Understanding CSV → JSON dataset
Tabular rows into nested objects — for ML training and API responses.
What "nested" means in this context, the type-inference rules that mostly work, and the size threshold where JSONL beats one-big-array.
The simple translation.
A CSV with headers row plus N data rows becomes a JSON array of N objects. Each object's keys are the column headers; each value is the cell. The trivial conversion takes ~5 lines of code in any language. The interesting decisions are downstream: type inference, nested-object reconstruction, and how to chunk large files.
Type inference.
CSV is text-only. The converter has to guess types: "42" → integer, "3.14" → float, "true" → boolean, "2026-05-14" → ISO date string.

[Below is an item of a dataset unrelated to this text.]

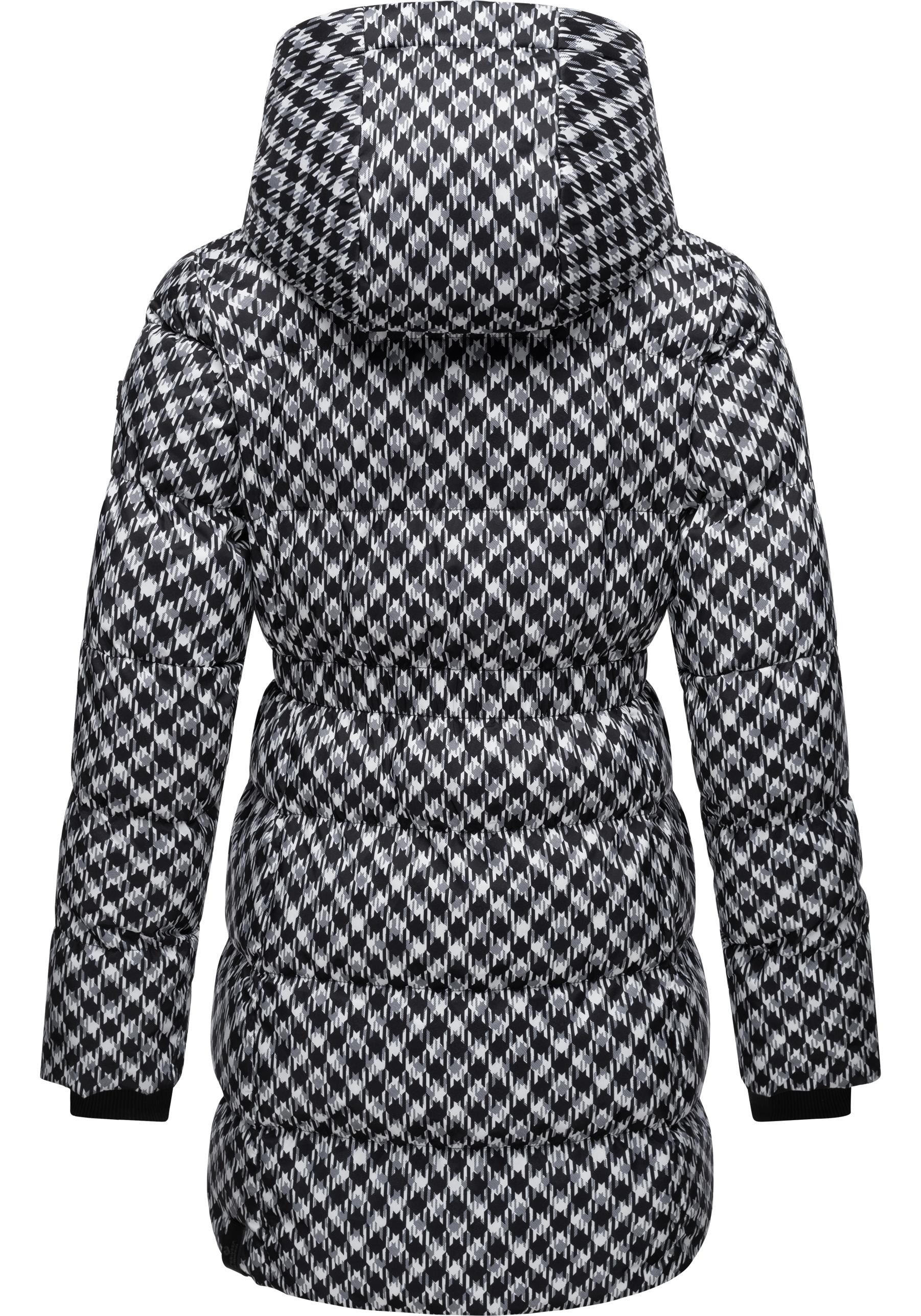 Ragwear Steppmantel Niara Print wasserdichter Mantel mit angesagtem Hahnentritt Muster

Edge cases bite. "001" — a ZIP code or an integer? Usually you want the string. "True" — capitalised, still a boolean? Most parsers say yes; some say no. "1.0" vs "1" — same value, different type. The safe default is "infer from the column as a whole, not per-cell", and let the user override with a type hint.
Nested keys.
When column names contain dots — address.city, address.zip,address.country — they often encode nested structure. The conversion can re-nest: each row becomes { address: { city, zip, country } }instead of flat keys. Useful for feeding REST APIs that expect nested JSON. Optional; some downstream tools prefer the flat form for tabular processing.
JSONL vs JSON-array.
A small dataset (< 100k rows): output one JSON array. Fits in memory; loads withJSON.parse. A large dataset (millions of rows, training data): output JSONL — one JSON object per line, no surrounding array. Streams line-by-line; works with readline + JSON.parse; doesn't blow memory. ML pipelines, BigQuery, OpenAI fine-tuning APIs all consume JSONL. Knowing which format your downstream wants is the first question.
A worked conversion.
A 50k-row CSV of e-commerce orders with 12 columns including shipping.addressand shipping.country. Convert with type inference + nesting: output is 50k JSON objects, each with a shipping sub-object. File size grows ~20 % vs CSV (JSON syntax overhead) but the structure is now consumable by the frontend's table component without extra parsing. For ML training it would have been better as JSONL; for the dashboard it's fine as one array.
50k orders CSV
flat → nested
Header dots → sub-objects.
shipping.address + shipping.country → { shipping: {...} }
= 50k array, 20% larger
When to keep CSV.
Excel and Sheets users — JSON isn't openable for them. Reporting pipelines that consume CSV directly. Tools like AWS Athena and Snowflake that bulk-load CSV faster than JSON. Anywhere the consumer is tabular by nature. Convert to JSON only when the consumer needs nested structure, when the data is heading to a JSON-only API, or when the rows will be streamed one at a time. The conversion is cheap; the choice should be need-driven.